■ GOAL OF THE EXERCISE
The entries below must be retyped exactly. Pictures are to be omitted.

■ INPUT DATA
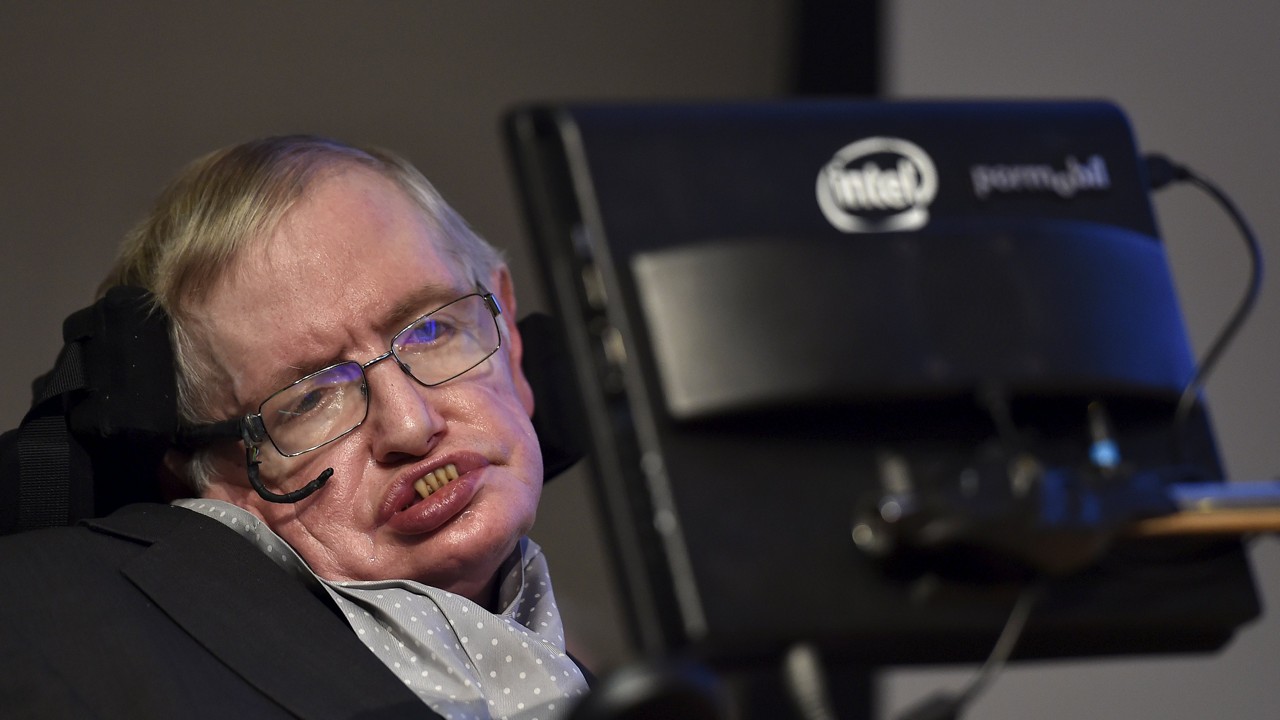 British scientist and theoretical physicist Stephen Hawking in London, Britain in December, 2015. Photo: REUTERS/Toby Melville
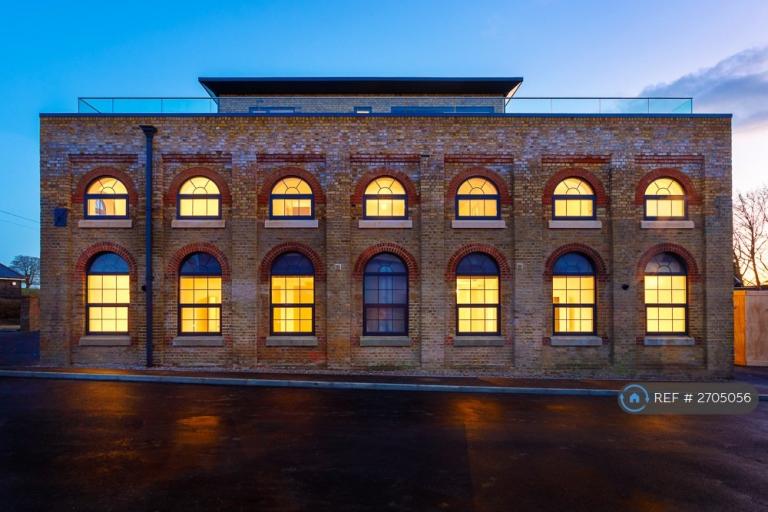 3 bedroom flat in Pluckley Road, Charing, Ashford, TN27 (3 bed) (#2705056)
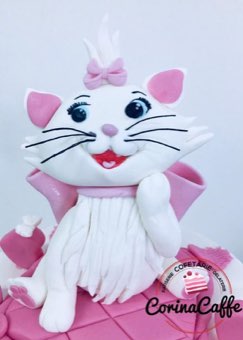 Tort sau candybar făcut de Corina Caffe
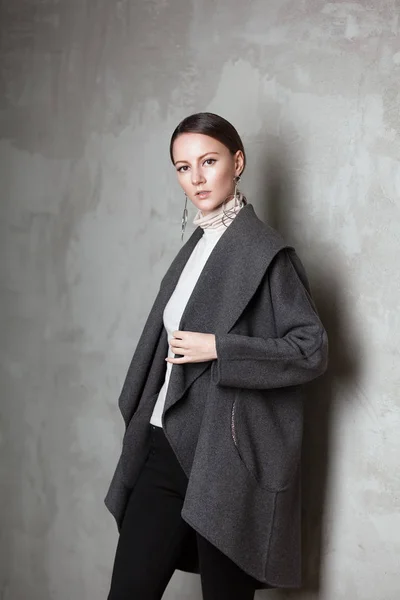 High Fashion Portrait Young Elegant Woman Outdoor Grey Coat Studio — Stock Photo, Image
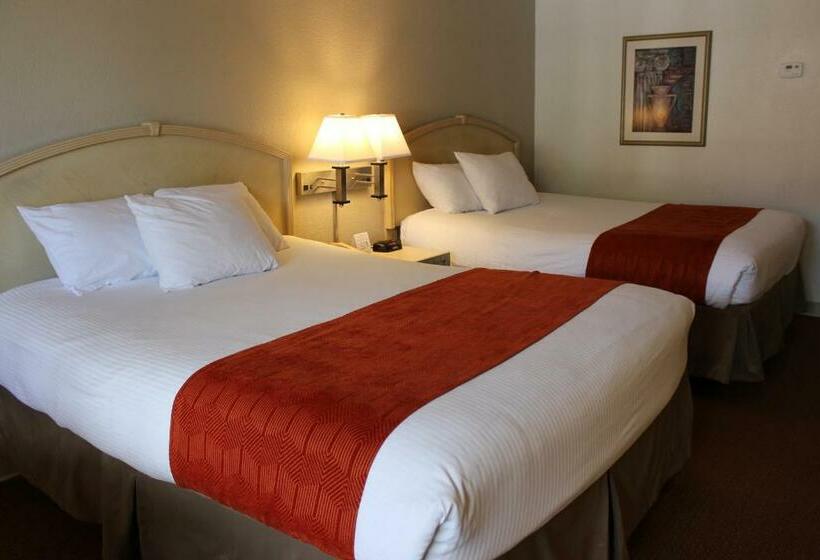 חדר סטנדרט פנימי, Ramada By Wyndham Kissimmee Gateway   Free Theme Park Shuttle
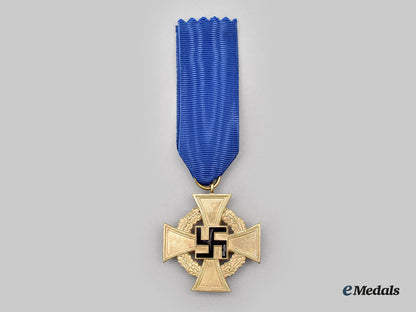 germany,_third_reich._a_pair_of_decorations_l22_mnc4123_228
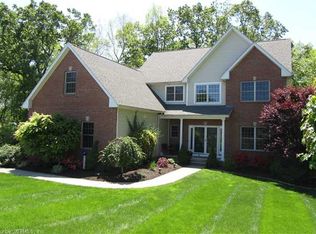 8 Smith Farm Rd, Cromwell, CT 06416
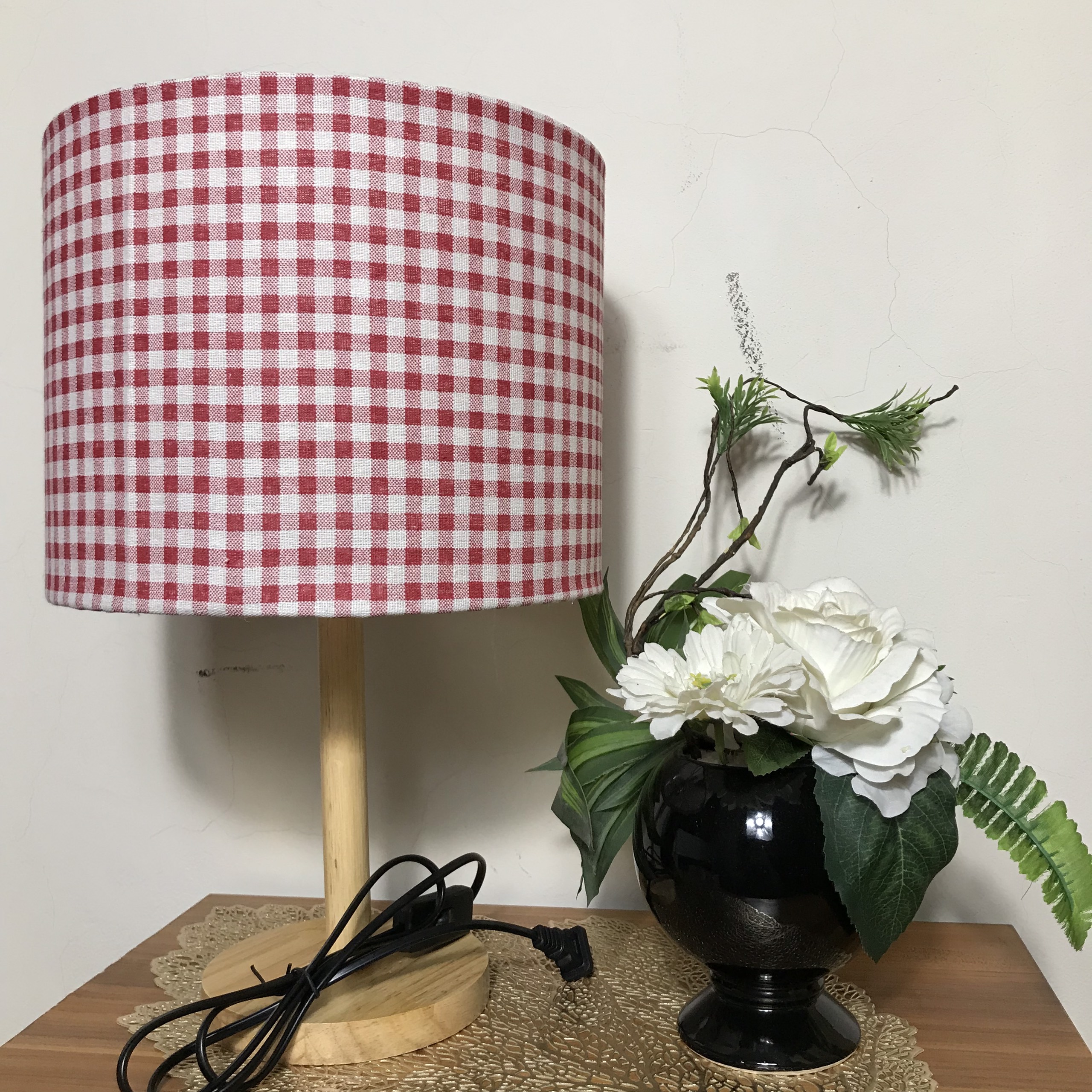 Đèn ngủ DB-A03 CARO ĐỎ, đèn bàn ngủ chân gỗ cao cấp, chao vải bố linen dễ thương, công tắc bật tắc, tặng kèm bóng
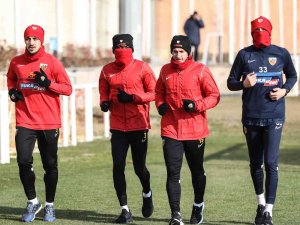 Kayserispor 3 Puana Şartlandı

■ TASK RESULT
 British scientist and theoretical physicist Stephen Hawking in London, Britain in December, 2015. Photo: REUTERS/Toby Melville
 3 bedroom flat in Pluckley Road, Charing, Ashford, TN27 (3 bed) (#2705056)
 Tort sau candybar făcut de Corina Caffe
 High Fashion Portrait Young Elegant Woman Outdoor Grey Coat Studio — Stock Photo, Image
 חדר סטנדרט פנימי, Ramada By Wyndham Kissimmee Gateway   Free Theme Park Shuttle
 germany,_third_reich._a_pair_of_decorations_l22_mnc4123_228
 8 Smith Farm Rd, Cromwell, CT 06416
 Đèn ngủ DB-A03 CARO ĐỎ, đèn bàn ngủ chân gỗ cao cấp, chao vải bố linen dễ thương, công tắc bật tắc, tặng kèm bóng
 Kayserispor 3 Puana Şartlandı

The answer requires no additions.